Debenhams chief executive Rob Templeman has warned of a “further dip” in the economy and said the retail sector is ripe for a period of mergers and acquisitions.
Speaking at Drapers’ sister title Retail Week’s annual conference yesterday Templeman said: “The recession will end but growth is anaemic. There is a possibility of a further dip and I don’t think we will ever go back to the dizzy heights of consumers spending what they don’t have.”
He added, drawing on trends from previous recessions: “The timing is almost perfect for M&As. A lot of companies have to refinance, there is a lot of concern about breaching covenants, and interest rates will rise but will remain low.”

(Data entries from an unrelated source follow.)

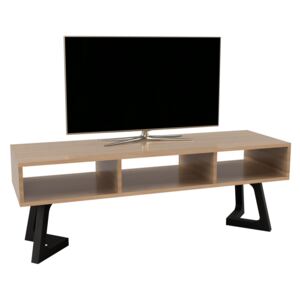 Comoda TV lemn masiv de fag - Verona - 100x45 cm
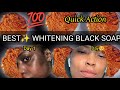 Best🏆Half Cast✨Glowy:WHITENING BLACK SOAP|Black Soap For Glowy Skin Whiten|Acne Black Soap#blacksoap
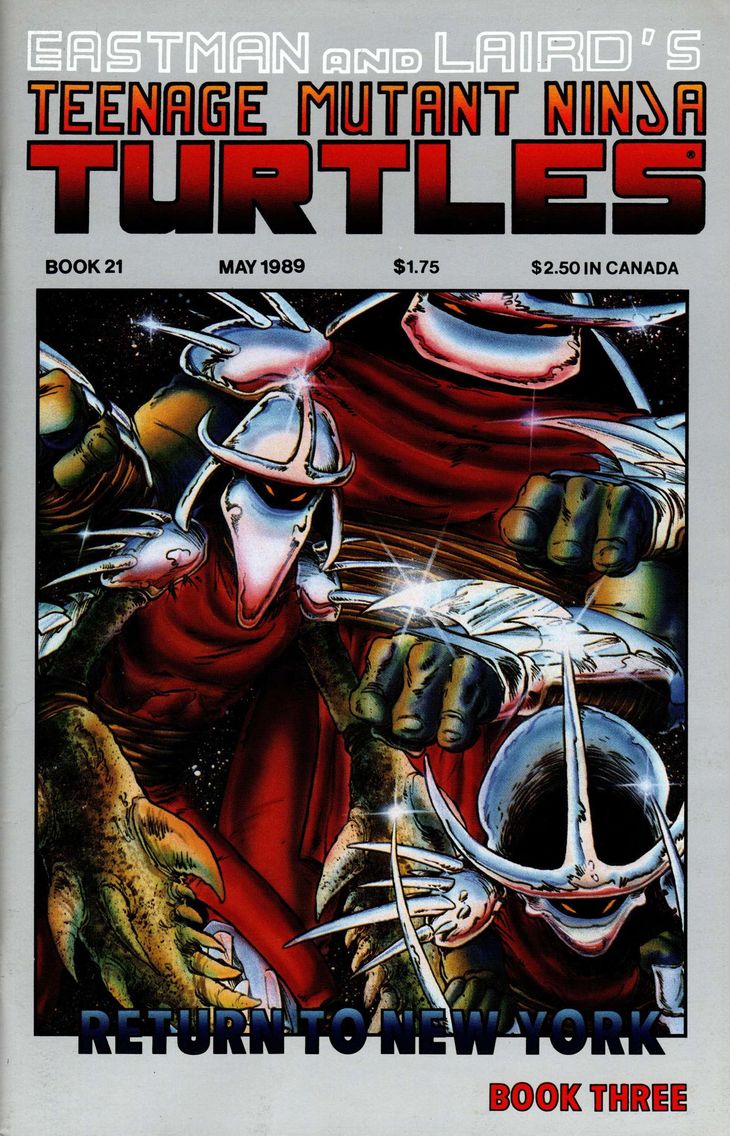 1989 #NA 1989 Teenage Mutant Ninja Turtles (1st Series) #21 Mirage Studios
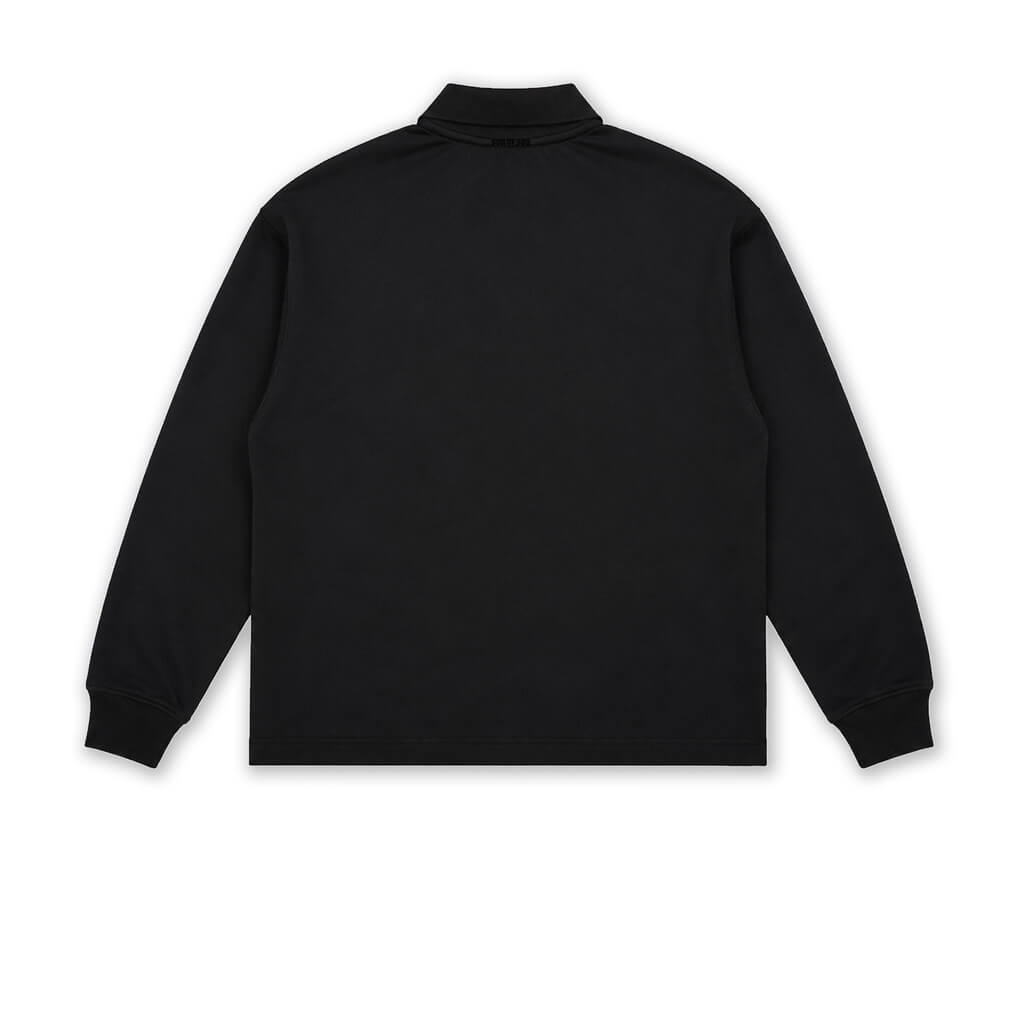 SON OF SON NEGOCIOS DE FAMILIA TRUST POLO MANGA LARGA NEGRO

He said those companies that need to refinance are “very vulnerable” and reiterated that Debenhams is actively seeking acquisitions. At the end of last year, the department store chain acquired Danish department store chain Magasin du Nord and last month, it relaunched the Principles range - which it acquired following its collapse last year - as part of its Designers At stable of ranges.
He said Debenhams planned for a tough economy from early 2008 with two objectives – “cash margin is king” and “self-help levers”.
“We looked at how we could move the average selling price up, and focused on quality with new ranges in Designers at Debenhams,” he said.
He said that one of the lessons Debenhams learnt is that “the answers are always on the shop floor”.
Templeman said “some of the best and most famous names in retail” collapsed in 2009 including Woolworths, Baugur, MFI and Land of Leather but it is difficult to see if they would have survived if they had seen the recession coming.
“There were signs in the banking market, and also some consumer warnings such as the saving ratio collapsing and household debt peaking,” he said.
He said there are some positives to come out of the recession, including lower property costs, a less competitive market, and a margin management focus will put retailers in better stead. He said retailers should learn to treat credit insurers with respect.
“Credit insurers should be ignored at your peril,” he said. “They need to be treated like banks and you need to regularly communicate with them.”